Backfilling

Triggering backfill

Triggering backfill creates a distributed job to run the UDF and populate the column values in your LanceDB table. The Geneva framework simplifies several aspects of distributed execution.

Checkpoints: Each batch of UDF execution is checkpointed so that partial results are not lost in case of job failures. Jobs can resume and avoid most of the expense of having to recalculate values.

Filtered Backfills

Geneva allows you to specify filters on the backfill operation. This lets you to apply backfills to a specified subset of the table's rows.

    # only backfill video content whose filenames start with 'a'
    tbl.backfill("content", where="starts_with(filename, 'a')")
    # only backfill embeddings of only those videos with content
    tbl.backfill("embedding", where="content is not null")

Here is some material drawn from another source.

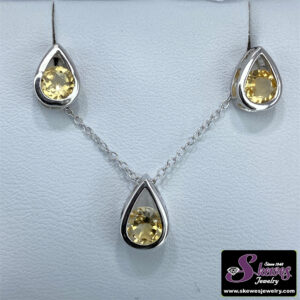 Elegant Sterling Silver Pearshaped Earrings and Pendant with Round Citrine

Geneva also allows you to incrementally add more rows or have jobs that just update rows that were previously skipped.

If new rows are added, we can run the same command and the new rows that meet the criteria will be updated.

    # only backfill video content whose filenames start with 'a'
    tbl.backfill("content", where="starts_with(filename, 'a')")
    # only backfill embeddings of only those videos with content
    tbl.backfill("embedding", where="content is not null")

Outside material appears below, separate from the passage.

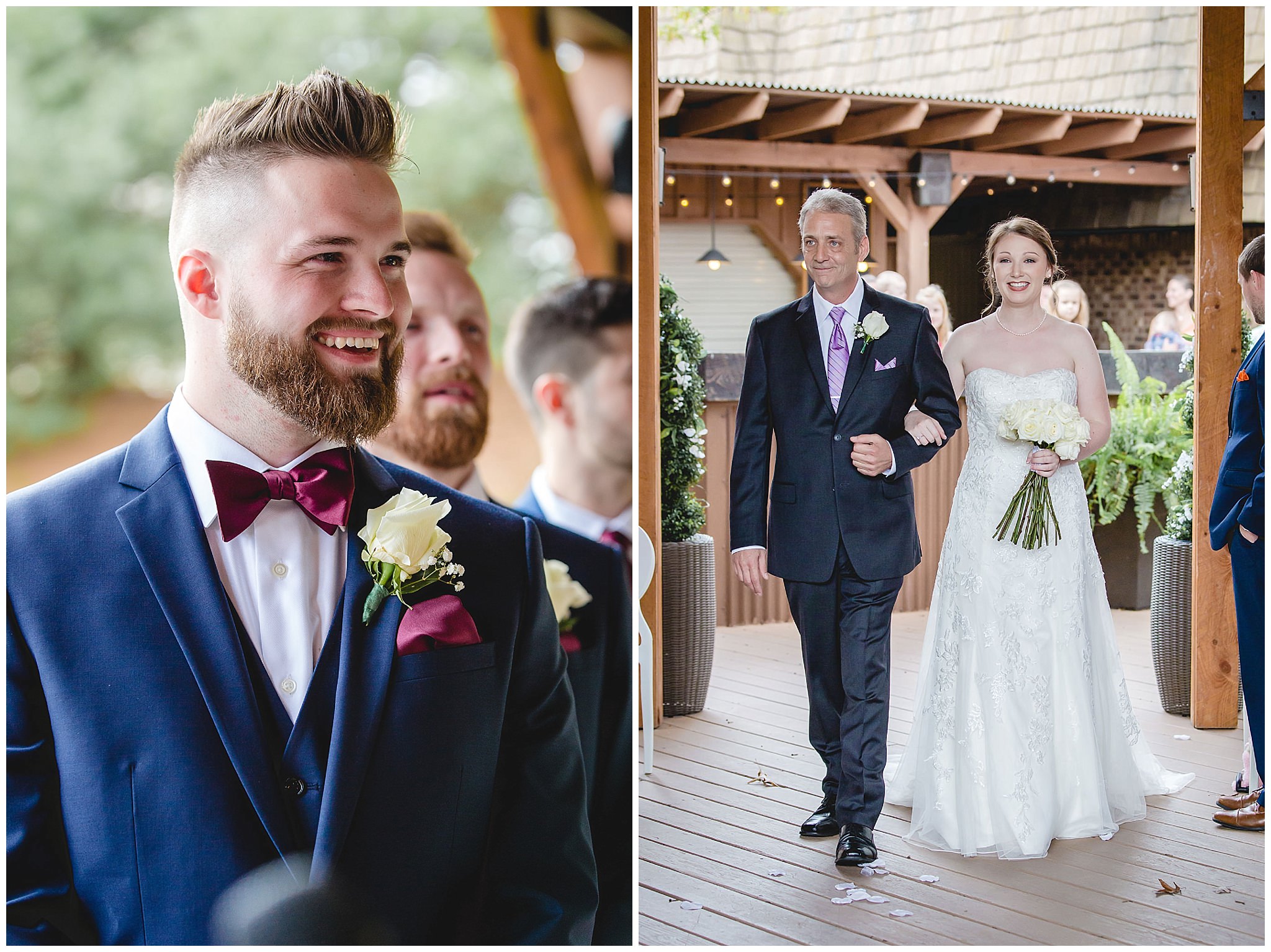 Groom smiles as bride walks down the aisle at the Chadwick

Or, you can use filters to add in or overwrite content in rows previously backfilled.

    # only backfill video content whose filenames start with 'a' or 'b' but only if content not pulled previously
    tbl.backfill("content", where="(starts_with(filename, 'a') or starts_with(filename, 'b')) and content is null")
    # only backfill embeddings of only those videos with content and no prevoius embeddings
    tbl.backfill("embedding", where="content is not null and embeddding is not null")